■ **Your instructions**:
Every line from the one with "Yamaha X-Max 300 (2021 - 24) usata" up to and including the one with "Appartement entièrement équipé, terrasse, jardin, place" is to be output exactly as it appears below; pictures are not.

■ **Data for review**:

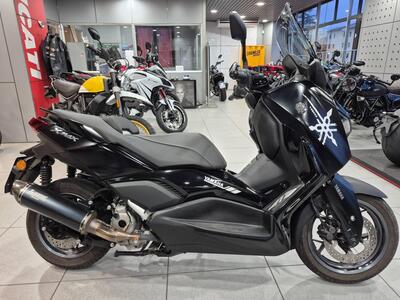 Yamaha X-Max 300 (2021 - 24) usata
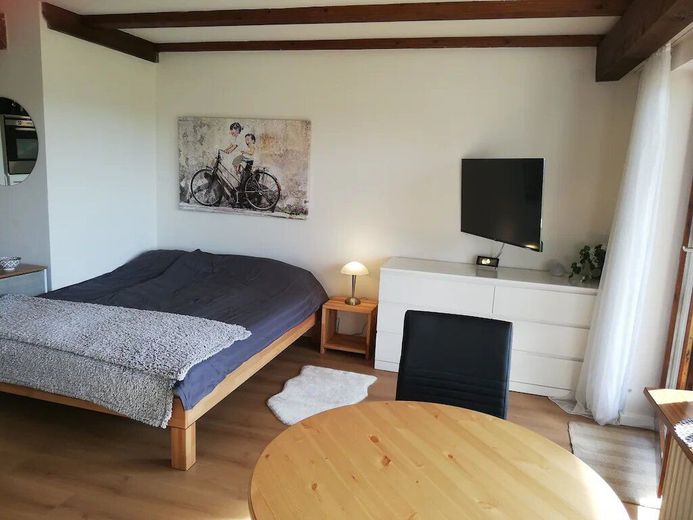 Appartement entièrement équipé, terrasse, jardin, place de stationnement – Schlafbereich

---

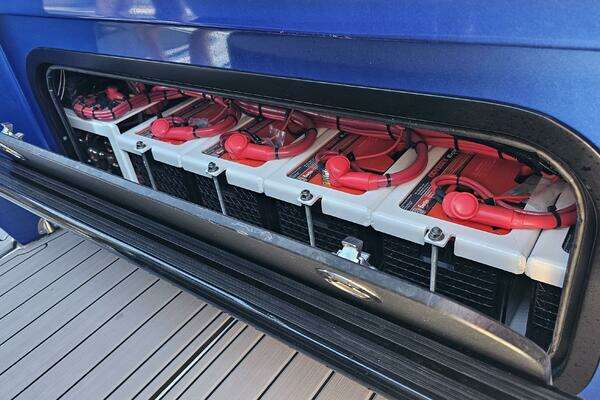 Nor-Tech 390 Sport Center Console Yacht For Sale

* * *

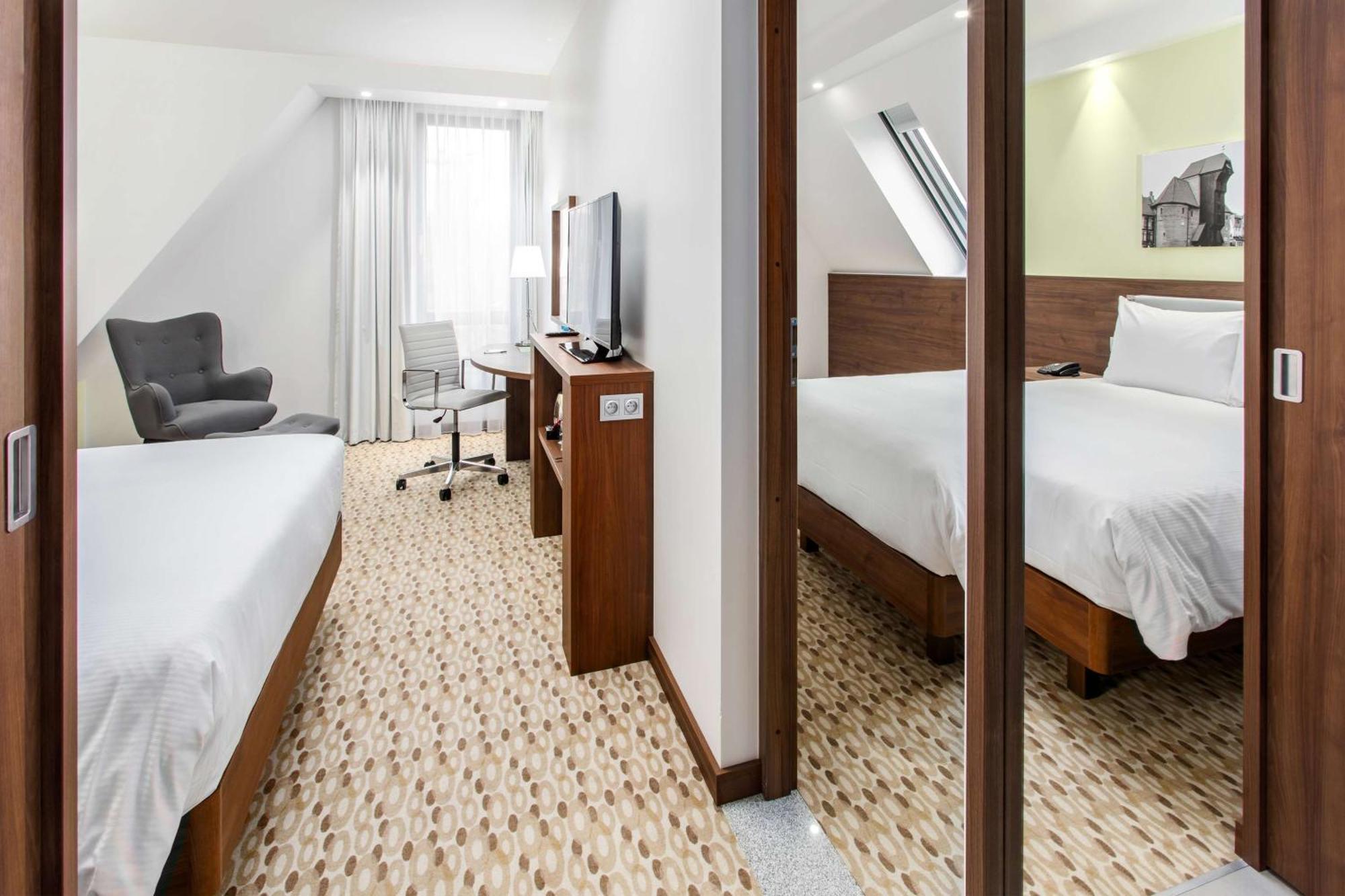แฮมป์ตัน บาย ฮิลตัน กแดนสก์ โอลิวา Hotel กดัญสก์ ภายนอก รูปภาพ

■ **Result of the task**:
 Yamaha X-Max 300 (2021 - 24) usata
 Appartement entièrement équipé, terrasse, jardin, place de stationnement – Schlafbereich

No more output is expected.